NAD 3020 (Official Info has Data Sheet and Manual)(Service Manual pdf file)
This one is the original icon, without any suffix, probably the most famous integrated amplifier of all time. There is a huge amount of info on the internet, and I shall provide only few links. There are some interesting latter-day reviews. It's worthwhile to read these:
--TAS review (Chris Martens)
--Page 25-26 of TONEAudio article (large pdf file; takes a moment to download), where the beneficial "benign error" was mentioned.
--NAD vs NuForce
Later 3020 Iterations The much emulated 3020 series had a long life. The original 3020 morphed into the versions with alphabetical suffixes, A and then B, and there are only small differences between them. BUT, starting with the 3020E, significant revision was made. This then became the 3020i and there was also 3120. There may be even more but I am far from being a NAD historian. It seems the general opinion is that only the 3020's up to the B version have that je ne sais quoi quality. Certainly my previous encounter with the lackluster 3020i is in keeping with this sentiment.
Phono The 3020 has only MM phono; whereas the 3020A/B have MC/MM, selected by a switch. Therefore low-output MC users are likely to prefer the A/B versions.
Analogue: Lenco GL-75/SME 3009S2i/Denon DL-103R into Denon AU-3000LC SUT
Digital: YBA WD202 or Sony CDP/DAS R1
Loudspeakers: TAD TSM-2201-LR
Brief Note on TAD TSM-2201-LR This recent addition to the TAD line (info) is a killer, selling like hotcakes here in HK. Its modest price (manufactured in China) belies its quality.
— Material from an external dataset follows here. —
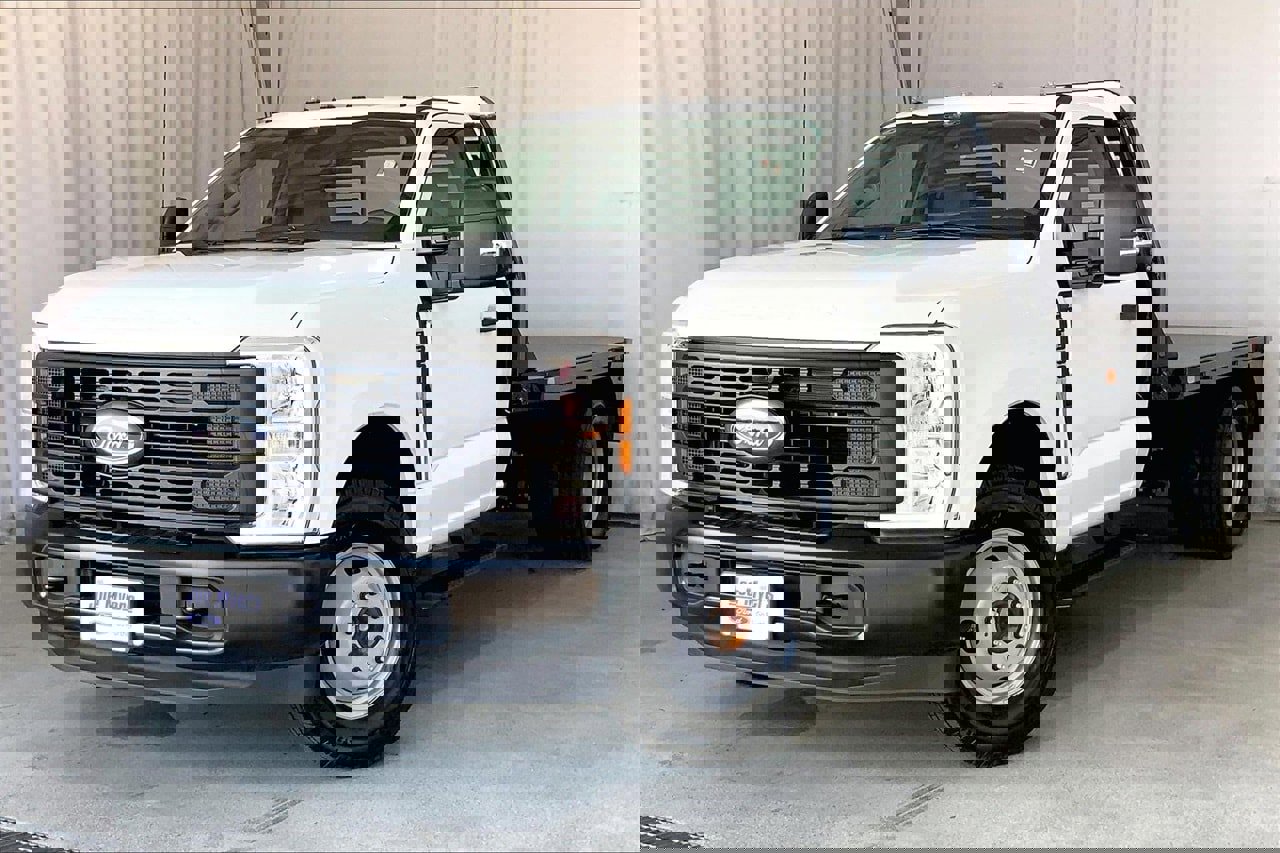 Used 2025 Ford F350 XL image 11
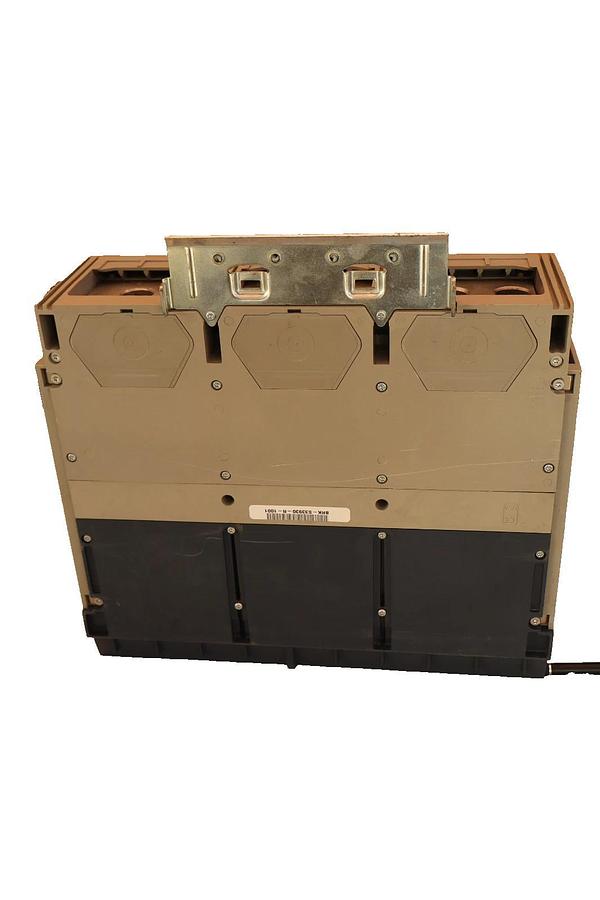 Used Square D I-Line PowerPact 1200Amp S33930 Circuit Breaker 1200 A 3Pole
It has a bona fide monitor sound, needless to say highly revealing, yet it is also musical. There shall be a detailed review here later.
NAD 3020 drove the 86db 4-ohm TAD with no signs of stress Despite its 20 wpc (into 8 ohm; therefore 40 into 4 ohms) rating, at my normal listening level, only the first two lights flickered occasionally. It was almost a perfect match, the warm (but not overly so) and musical 3020 together with the highly detailed TAD with extended treble. Only in the largest orchestral pieces did I sense a bit of compression. The TAD is brand new and not yet run-in, yet the results was comparable to what I tried just before, with my Leben RS-28CX and the trusty 100 wpc Rotel 870BX amp. The latter combo surely yielded more details and power, yet the NAD was musically their equal - now, that says something! The phono was also surprisingly good, and quiet.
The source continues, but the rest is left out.